As a follow-up to my previous question, I am trying to detect the existence of a template function that requires explicit specialization.
My current working code detects non-template functions (thanks to DyP's help), provided they take at least one parameter so that dependent name lookup can be used:
// switch to 0 to test the other case
#define ENABLE_FOO_BAR 1
namespace foo {
#if ENABLE_FOO_BAR
int bar(int);
#endif
}
namespace feature_test {
namespace detail {
using namespace foo;
template<typename T> decltype(bar(std::declval<T>())) test(int);
template<typename> void test(...);
}
static constexpr bool has_foo_bar = std::is_same<decltype(detail::test<int>(0)), int>::value;
static_assert(has_foo_bar == ENABLE_FOO_BAR, "something went wrong");
}
(the ENABLE_FOO_BAR
macro is just for testing purpose, in my real code I don't have such a macro available otherwise I wouldn't be using SFINAE)
This also works perfectly with template functions when their template arguments can automatically be deduced by the compiler:
namespace foo {
#if ENABLE_FOO_BAR
template<typename T> int bar(T);
#endif
}
However when I try to detect a template function that requires explicit specialization, the static_assert
kicks in when foo::bar()
exists:
namespace foo {
#if ENABLE_FOO_BAR
template<typename T, typename U> T bar(U);
#endif
}
//...
// error: static assertion failed: something went wrong
Obviously the compiler can't deduce the template arguments of bar()
so the detection fails.
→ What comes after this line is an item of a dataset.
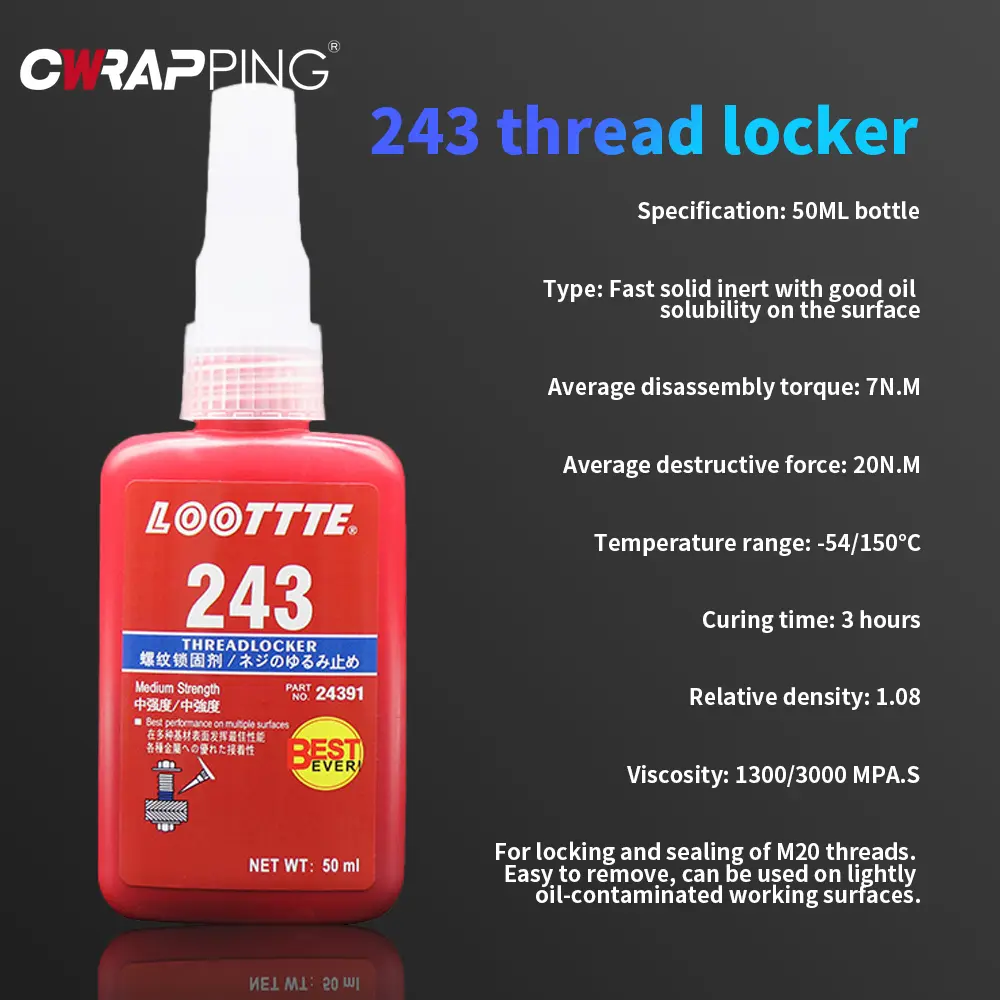 50ml Threadlocker Adhesive Anaerobic Sealant Anti Loose Screw Fastening Quickly Cured Agent Thread Locking Super Glues for Screw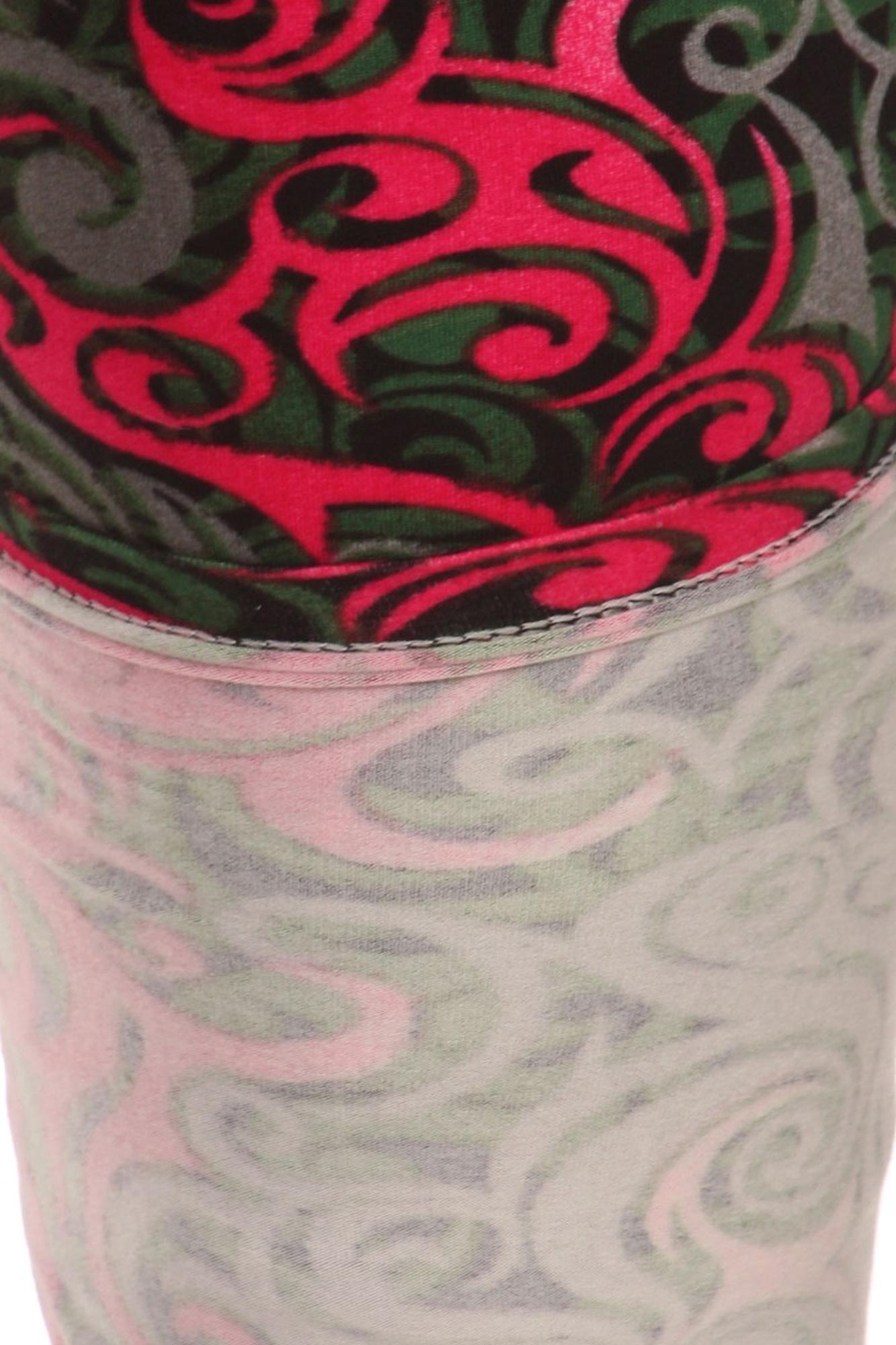 Wholesale Buttery Smooth Fuchsia Tangled Swirl Extra Plus Size Leggings - 3X-5X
I tried to fix it by explicitly specializing the call:
template<typename T> decltype(bar<int, T>(std::declval<T>())) test(int);
// explicit specialization ^^^^^^^^
This works fine when foo::bar()
exists (the function is correctly detected) but now all hell breaks loose when foo::bar()
doesn't exist:
error: ‘bar’ was not declared in this scope
template<typename T> decltype(bar<int, T>(std::declval<T>())) test(int);
^
error: expected primary-expression before ‘int’
template<typename T> decltype(bar<int, T>(std::declval<T>())) test(int);
^
// lots of meaningless errors that derive from the first two
It seems my attempt at explicit specialization failed because the compiler doesn't know that bar
is a template.
I'll spare you everything I tried to fix this and get straight to the point: how can I detect the existence of a function such as template<typename T, typename U> T bar(U);
that requires explicit specialization in order to be instantiated?